Hurricane Ida has not only mobilized local first responders to help out our neighbors, but the Christian and ministerial community as well.
Pastors in the area agree that the effects of Hurricane Ida were disastrous for those in central and east Louisiana, and galvanizing church congregations to help those affected should be a priority for people of faith.
The Rev. Zack Mitchell with the Iberia Christian Ministerial Federation said that after taking care of immediate family and friends and securing their safety, the next step of most pastors during hurricane season is to extend their services to their congregations.
“On a ministerial basis, what we desire to do and what we have put our efforts into doing is coming together,” Mitchell said. “We can do a whole lot more banding together with local organizations and pastors.”
The Rev. Wilfred Johnson with A New Chapter PUSH said that he and other local pastors have made the trip to the Thibodaux area, which met severe damage after Ida passed through.
“The damage is beyond anything you can imagine,” the Rev. Wilfred Johnson, an Iberia Parish pastor, said. “We’ve been reaching out to pastors and churches in that area to see their needs and lend a hand however we can.”

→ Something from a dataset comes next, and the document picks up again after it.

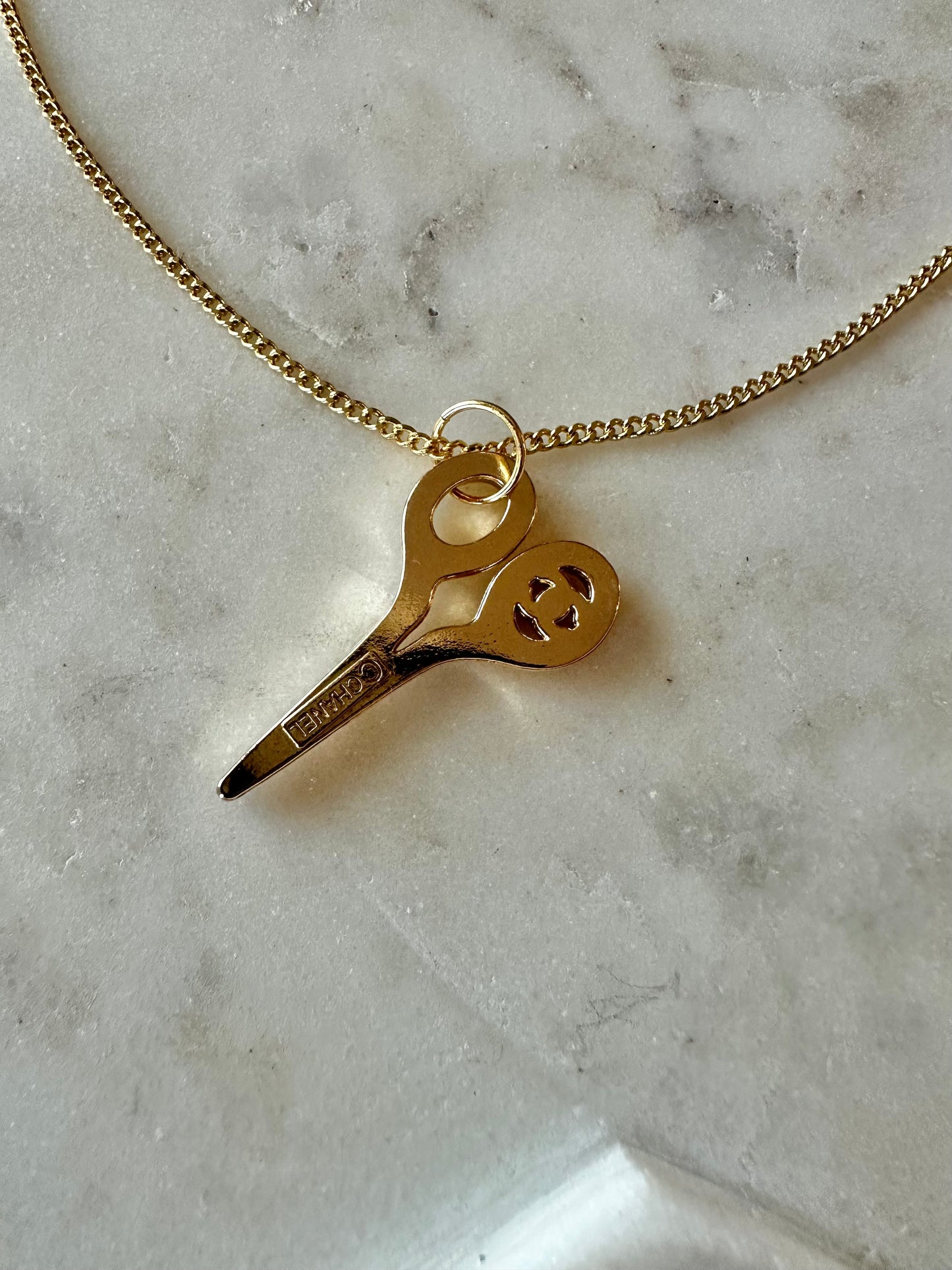 CC scissor necklace 16”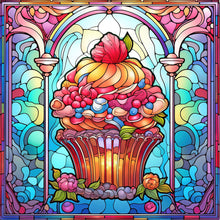 Load image into Gallery viewer, Diamond Painting - Full Round - colorful dessert glass art (30*30CM)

Collaborations with pastors from Lafayette to New Iberia have been in the works for the past week to help congregations and residents in east Louisiana who have been hit. Community donation drives are already planned over the next several weeks to provide a place where those who want to help have a chance.
“I believe we were blessed to be spared by this event, but we were spared so we could help others,” Mitchell said. “That’s what we do, and that’s the mindset we try to get across.”
“In these kinds of crises, helping and serving will help you deal with your personal problems.”
Mitchell also said that this area in particular is quick to come together for neighbors in need, not only from the churches but from everyone.
From a pastoral perspective, attending to the spiritual needs of those who have been hurt by the storm is also a necessity.
Counseling those in need during a natural disaster requires patience and devotion. Mitchell said that even if a pastor may not have the words, their presence alone can help.
“We all know we have various storms in our lives, and I think the quickest and the best way that we help people is to let them know we care and let them know we’re there,” Mitchell said. “We may not have the correct words but our presence can be a lot more important to them.”
Johnson said one of the best things a pastor can do for someone who has gone through a circumstance like Ida is to let them know God is in control.
“We basically just tell them just to hold on, God is still in control,” Johnson said. “Our help comes from the Lord. God has not left them nor is He forsaking them.”